A very brief history of logical languages

Interest in a "mathematically planned human language" runs centuries into the past. (Consider Leibniz's characteristica universalis, which inspired Frege's Begriffschrift.) Toaq's lineage can be traced back to Loglan, developed in the 1950s to investigate the Sapir–Whorf hypothesis. The idea was roughly that, if language shapes thought, then speakers of a logical language would think more logically. Loglan was conceived of as a sort of speakable predicate logic. Its successor, Lojban, furthered the effort, and its designers hoped that it would see use as a machine interlingua: a syntactically unambiguous language that puts humans and computers on a level playing field for communication.

In the past half-century, the Sapir–Whorf hypothesis has become largely disfavored. Advances in artificial intelligence show us that computers have no trouble engaging meaningfully with natural language, no matter its syntactic ambiguity. Toaq's development, thus, proceeds more for its own sake than that of its predecessors.

Within the conlang community, people disagree on what a "logical language" is. For some, merely being based in spirit on predicate logic is enough. By demanding an unambiguous syntax that still conforms to rigorous linguistic ideas of what makes language human, Toaq has set the bar high. Can it be cleared at all?

Writing a parser

Jıa de máq nha
= ⟦nha⟧(⟦jıa de máq⟧)
= PROMISE(⟦jıa⟧(⟦de máq⟧))
= …
= PROMISE(λ𝘸. ∃𝘦. τ(𝘦) ⊆ t ∧
    beautiful.𝘸(a)(𝘦)) | t > t₀ | inanimate(a)

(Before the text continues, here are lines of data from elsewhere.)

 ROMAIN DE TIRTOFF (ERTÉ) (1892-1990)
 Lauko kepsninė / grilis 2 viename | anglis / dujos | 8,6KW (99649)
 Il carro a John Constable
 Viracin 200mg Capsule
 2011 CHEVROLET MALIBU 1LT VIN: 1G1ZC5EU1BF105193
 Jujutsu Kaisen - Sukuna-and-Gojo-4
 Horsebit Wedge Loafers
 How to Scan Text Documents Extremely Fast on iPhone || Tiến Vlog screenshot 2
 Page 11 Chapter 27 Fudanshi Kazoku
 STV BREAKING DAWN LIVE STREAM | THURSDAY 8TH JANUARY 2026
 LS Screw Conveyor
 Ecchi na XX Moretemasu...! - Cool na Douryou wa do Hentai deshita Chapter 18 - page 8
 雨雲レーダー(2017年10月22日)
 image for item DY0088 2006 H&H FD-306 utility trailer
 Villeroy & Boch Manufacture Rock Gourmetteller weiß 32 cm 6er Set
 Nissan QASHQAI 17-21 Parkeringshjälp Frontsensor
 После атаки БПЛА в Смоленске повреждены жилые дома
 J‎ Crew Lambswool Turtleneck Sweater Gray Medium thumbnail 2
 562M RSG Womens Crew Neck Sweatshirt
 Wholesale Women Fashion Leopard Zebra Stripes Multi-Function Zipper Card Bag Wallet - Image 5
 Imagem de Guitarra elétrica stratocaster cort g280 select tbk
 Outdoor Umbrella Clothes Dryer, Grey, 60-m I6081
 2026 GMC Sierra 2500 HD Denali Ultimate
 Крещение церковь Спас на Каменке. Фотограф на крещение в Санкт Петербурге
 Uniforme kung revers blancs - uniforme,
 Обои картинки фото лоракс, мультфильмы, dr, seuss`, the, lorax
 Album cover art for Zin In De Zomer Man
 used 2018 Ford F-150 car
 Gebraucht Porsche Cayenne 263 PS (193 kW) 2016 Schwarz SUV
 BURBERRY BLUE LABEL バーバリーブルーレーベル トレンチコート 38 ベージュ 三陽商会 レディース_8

The community is working on a parser, called Kuna, which translates Toaq sentences into their logical forms. To do so, we must thoroughly develop the syntax and semantics of the language. In the process, the developers have taken an amateur interest in natural language semantics. A human-oriented language whose syntax is small and unambiguous turns out to be an attractive testbed for implementing semantics research.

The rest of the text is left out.